Sunday, June 3, 2012

On Agents

      I've had three agents with various success. Always dealt with the AD after the agents got the assignment. Artists need to form a relationship with the AD and the people who are working with them. This is two-fold: your agent might not really understand the AD's instructions, or subtle comment. The agent isn't really equipped to hash out alternative ideas with them. Art is not a game of telephone. The other reason is that you will be working with staff members that you may end up working for. It also allows you to understand the way the business operates and how you interact while there. In some situations I acted like a professional illustrator, or like an idiot in the MAD offices. Friendships and connections cannot be underestimated. Especially the friendship part. I am still great friends with many people I met in the publishing field even though they never handed me a job.

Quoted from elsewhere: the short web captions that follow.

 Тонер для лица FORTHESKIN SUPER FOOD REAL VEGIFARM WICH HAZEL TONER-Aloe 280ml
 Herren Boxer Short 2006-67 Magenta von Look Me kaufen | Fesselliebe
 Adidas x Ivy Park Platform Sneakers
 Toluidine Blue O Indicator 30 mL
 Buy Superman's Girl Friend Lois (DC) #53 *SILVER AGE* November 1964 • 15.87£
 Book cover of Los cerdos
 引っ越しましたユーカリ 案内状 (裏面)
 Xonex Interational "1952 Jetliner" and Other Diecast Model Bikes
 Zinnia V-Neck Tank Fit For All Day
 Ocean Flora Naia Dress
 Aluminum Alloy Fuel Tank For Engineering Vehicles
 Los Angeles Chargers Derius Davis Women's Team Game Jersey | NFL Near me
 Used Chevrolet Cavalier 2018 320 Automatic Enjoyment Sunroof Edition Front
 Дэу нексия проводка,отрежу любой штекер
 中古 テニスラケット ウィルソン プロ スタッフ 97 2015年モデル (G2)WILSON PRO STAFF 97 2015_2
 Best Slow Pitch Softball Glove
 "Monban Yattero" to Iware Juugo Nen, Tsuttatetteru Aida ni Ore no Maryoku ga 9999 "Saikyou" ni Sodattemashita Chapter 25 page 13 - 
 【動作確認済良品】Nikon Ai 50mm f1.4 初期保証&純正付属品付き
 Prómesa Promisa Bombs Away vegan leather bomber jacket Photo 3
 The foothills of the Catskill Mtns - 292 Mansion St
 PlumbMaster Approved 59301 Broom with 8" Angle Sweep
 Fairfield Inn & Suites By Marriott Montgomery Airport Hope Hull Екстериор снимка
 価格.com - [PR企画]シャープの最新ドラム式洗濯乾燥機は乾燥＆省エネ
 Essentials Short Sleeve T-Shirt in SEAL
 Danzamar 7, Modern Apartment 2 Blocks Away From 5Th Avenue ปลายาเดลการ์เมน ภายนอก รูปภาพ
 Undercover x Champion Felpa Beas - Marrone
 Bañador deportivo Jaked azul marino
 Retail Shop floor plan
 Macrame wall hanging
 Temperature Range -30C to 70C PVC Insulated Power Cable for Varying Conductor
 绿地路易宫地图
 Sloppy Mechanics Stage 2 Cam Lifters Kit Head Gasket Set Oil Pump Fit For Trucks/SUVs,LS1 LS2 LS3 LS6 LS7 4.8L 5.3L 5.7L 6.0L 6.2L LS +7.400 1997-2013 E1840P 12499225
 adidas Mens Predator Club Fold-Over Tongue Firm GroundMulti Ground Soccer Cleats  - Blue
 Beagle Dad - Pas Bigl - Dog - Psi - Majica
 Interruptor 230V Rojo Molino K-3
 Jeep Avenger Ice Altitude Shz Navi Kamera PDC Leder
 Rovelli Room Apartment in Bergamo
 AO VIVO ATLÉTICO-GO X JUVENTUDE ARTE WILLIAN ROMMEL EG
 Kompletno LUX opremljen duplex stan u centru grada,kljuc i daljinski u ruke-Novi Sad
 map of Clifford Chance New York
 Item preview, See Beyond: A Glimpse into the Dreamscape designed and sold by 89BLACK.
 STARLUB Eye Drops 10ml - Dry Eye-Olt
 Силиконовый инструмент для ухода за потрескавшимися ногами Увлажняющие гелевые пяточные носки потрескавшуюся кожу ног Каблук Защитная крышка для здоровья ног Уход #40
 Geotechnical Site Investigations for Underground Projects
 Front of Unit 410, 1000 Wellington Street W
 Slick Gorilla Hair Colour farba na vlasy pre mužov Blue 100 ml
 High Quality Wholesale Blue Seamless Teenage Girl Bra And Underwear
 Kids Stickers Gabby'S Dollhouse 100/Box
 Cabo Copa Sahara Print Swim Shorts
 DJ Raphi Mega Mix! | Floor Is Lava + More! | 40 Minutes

And, by the way, artists MUST get out of the house, interact with peers, and get some external stimulation. It's not a job, it's an adventure.
     An added bonus is that you occasionally get to meet your heroes. I'd turn a job at MAD early Friday afternoon and just hung around to see who else was turning in a job. "Good Lord! Jaffee just pulled out his new fold-in!"
     Being on-site also  allows you to interact with the production department. I'd make suggestions about what type-face might look good and the colors I would use to complement the art. I was at ACE once and the head production guy pulled me aside and said "I don't know if Frank told you this but your lilac background color won't look anything like this when it's printed." He was right. Lesson learned.
     Back to the topic of agents. Advertising. The cost to the artist is approximately 80-85%, so you must be careful about promotional items. I took out a full-page color ad in Workbook for a pretty penny and didn't get a single job from it. Glen Barr Jr. and I were talking about this, "Greg, just saw your new ad. Cool." "Any job openings over there?" "Hell no, if they want your style the Jr. AD will show me your page and tell me to copy it."
     Much better to target an audience. Find companies that do what you do best and tell your agent to contact them. I got a few jobs from my agent and really didn't want to do them but did. Just because you have an agent doesn't mean you don't have a say in what you do.
     Outside work. My agent and I always had an understanding that I could do assignments that I found without a fee. It was my work that got the job, not somebody selling my work.